EghtesadOnline: The overall Producer Price Index of the electricity sector (using 2011 as the base year) stood at 126.24 in the last fiscal year (ended March 20, 2019), indicating a 4.74% growth over the year before.
PPI for electricity sector in the year ending March 2018 had decreased by 8.07% to reach 131.1 compared with the previous year, according to data reported by the Statistical Center of Iran.
It stood at 114.96 in the fourth quarter of the last fiscal year (Dec. 22, 2018-March 20), indicating a 0.19% growth over the same quarter of the previous year.
The sector’s PPI for the year ending Dec. 21, end of third quarter, had increased by 0.79%, according to Financial Tribune.
The importance of PPI lies in its predictive content for the future pattern of Consumer Price Index. Changes in PPI are usually reflected in CPI within a short period of time.
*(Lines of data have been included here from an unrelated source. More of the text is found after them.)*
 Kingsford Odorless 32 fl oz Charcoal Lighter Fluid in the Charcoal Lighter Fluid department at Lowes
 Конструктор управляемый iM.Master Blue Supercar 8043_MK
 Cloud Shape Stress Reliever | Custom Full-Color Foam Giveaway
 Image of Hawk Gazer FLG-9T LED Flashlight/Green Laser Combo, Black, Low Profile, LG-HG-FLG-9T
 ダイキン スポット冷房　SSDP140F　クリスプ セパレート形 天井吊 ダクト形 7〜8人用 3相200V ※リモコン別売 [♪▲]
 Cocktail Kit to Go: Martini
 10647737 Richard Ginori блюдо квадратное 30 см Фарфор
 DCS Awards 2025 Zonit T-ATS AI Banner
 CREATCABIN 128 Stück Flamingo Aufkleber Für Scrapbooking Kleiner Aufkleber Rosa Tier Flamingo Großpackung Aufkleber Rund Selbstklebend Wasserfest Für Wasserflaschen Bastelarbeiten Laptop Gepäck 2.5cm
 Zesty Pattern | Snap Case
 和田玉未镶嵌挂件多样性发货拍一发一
PPI gauges price fluctuations in goods and services for the producer whereas CPI measures changes in the price level of a basket of consumer goods and services purchased by households.
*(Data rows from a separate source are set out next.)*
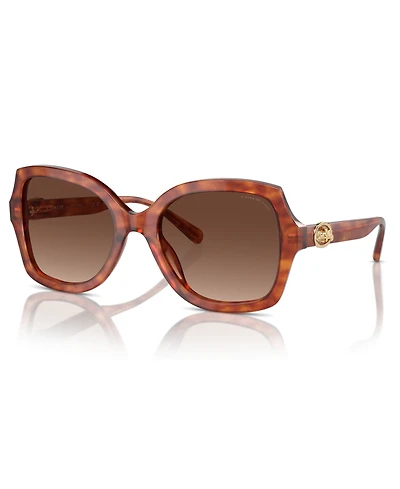 Coach Women's Polarized Sunglasses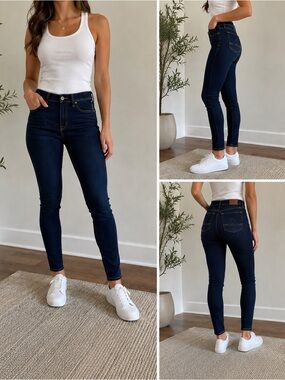 Lucky Brand Sofia skinny jeans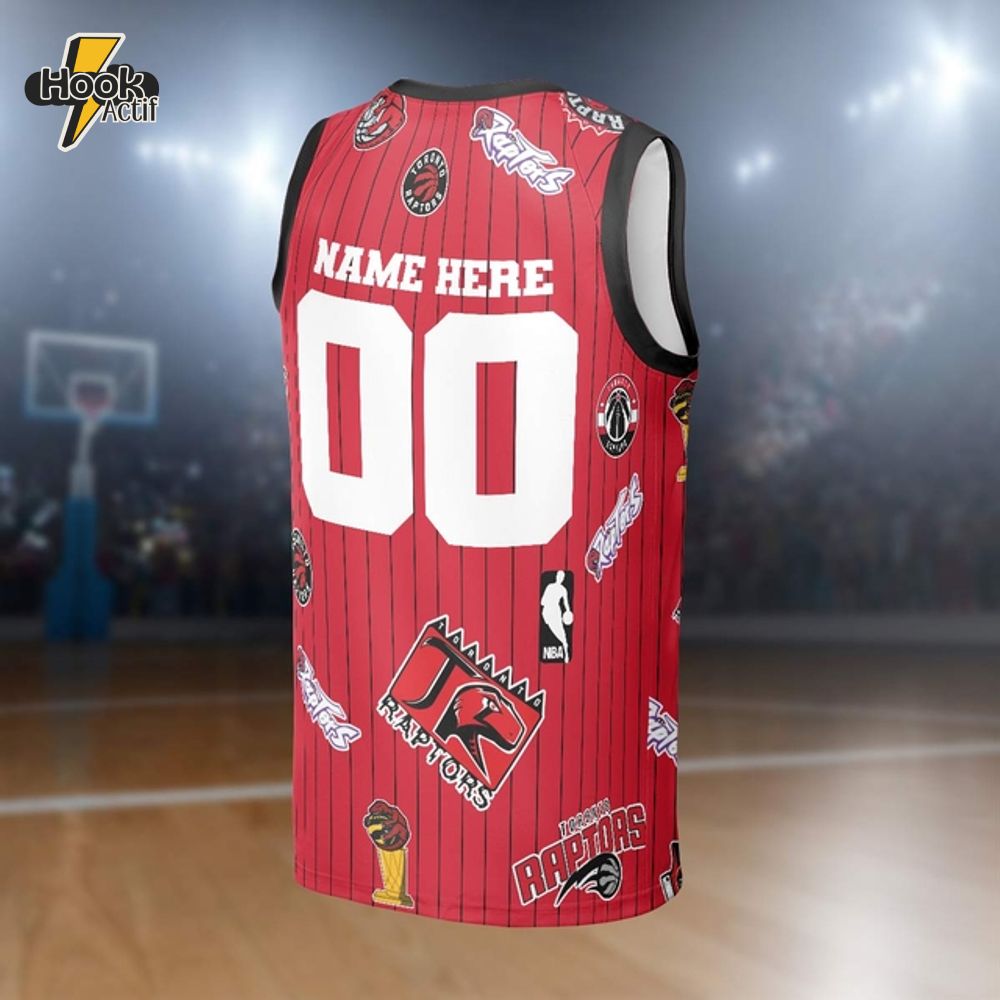 Snoopy x Toronto Raptors Personalized Basketball Jersey Snoopy x Toronto Raptors Personalized Basketball Jersey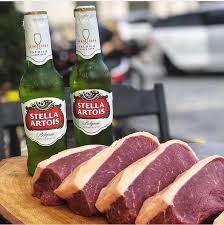 Picanha na Brasa com Cerveja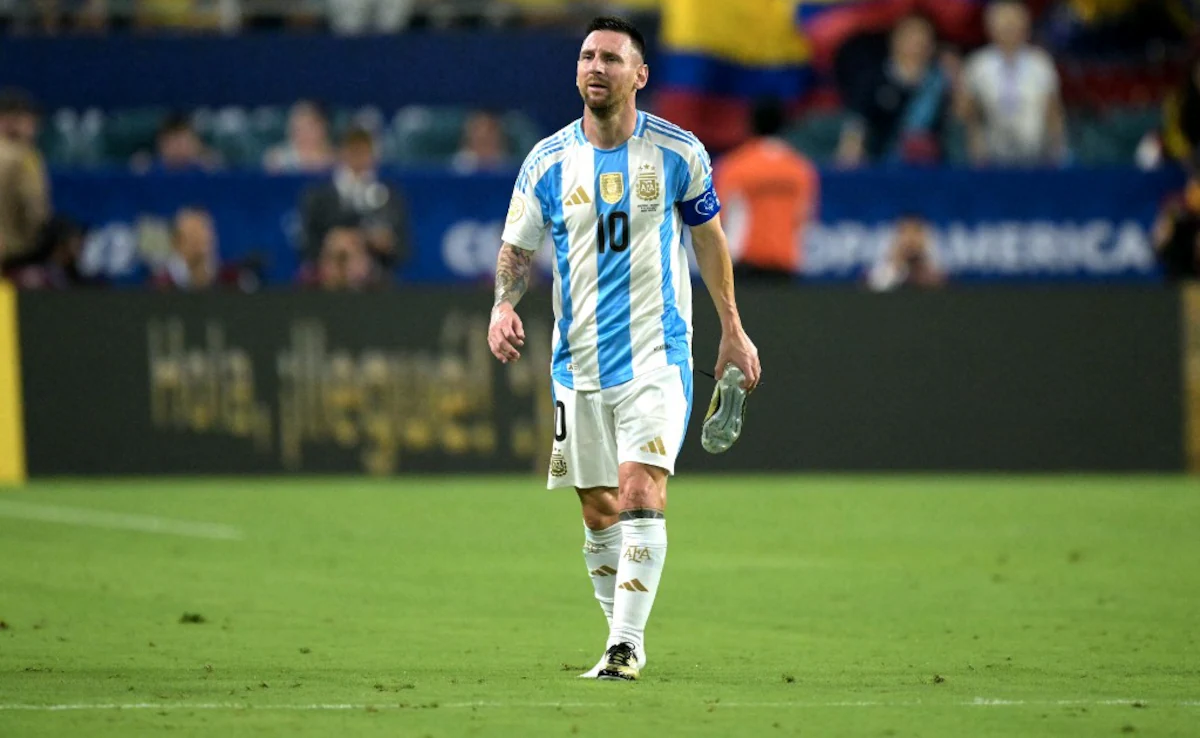 Kapten Timnas Argentina, Lionel Messi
In other words, PPI is an index of prices measured at the wholesale, or producer level. It shows trends within the wholesale markets (as it was once called the Wholesale Price Index), manufacturing industries and commodities markets from the perspective of the seller.
According to Investopedia, PPI can serve multiple roles in improving investment-making decisions because it can serve as a leading indicator of CPI.
When producers are faced with input inflation, those rising costs are passed along to the retailers and eventually to the consumer.
As opposed to CPI, PPI presents the inflation picture from a different perspective. Although changes in consumer prices are important for consumers, tracking PPI allows one to determine the cause of the changes in CPI.
If, for example, CPI increases at a much faster rate than PPI, such a situation could indicate that factors other than inflation may be causing retailers to increase their prices.
However, if CPI and PPI increase in tandem, retailers may be simply attempting to maintain their operating margins.
All in all, a decrease in PPI is one of the signs of a probable slowdown in CPI in future months. Almost a perfect correlation exists between CPI and PPI.
According to the Statistical Center of Iran, the goods and services Consumer Price Index in the 12-month period ending March 20, which marks the end of last Iranian year, increased by 26.9% compared with last year’s corresponding period.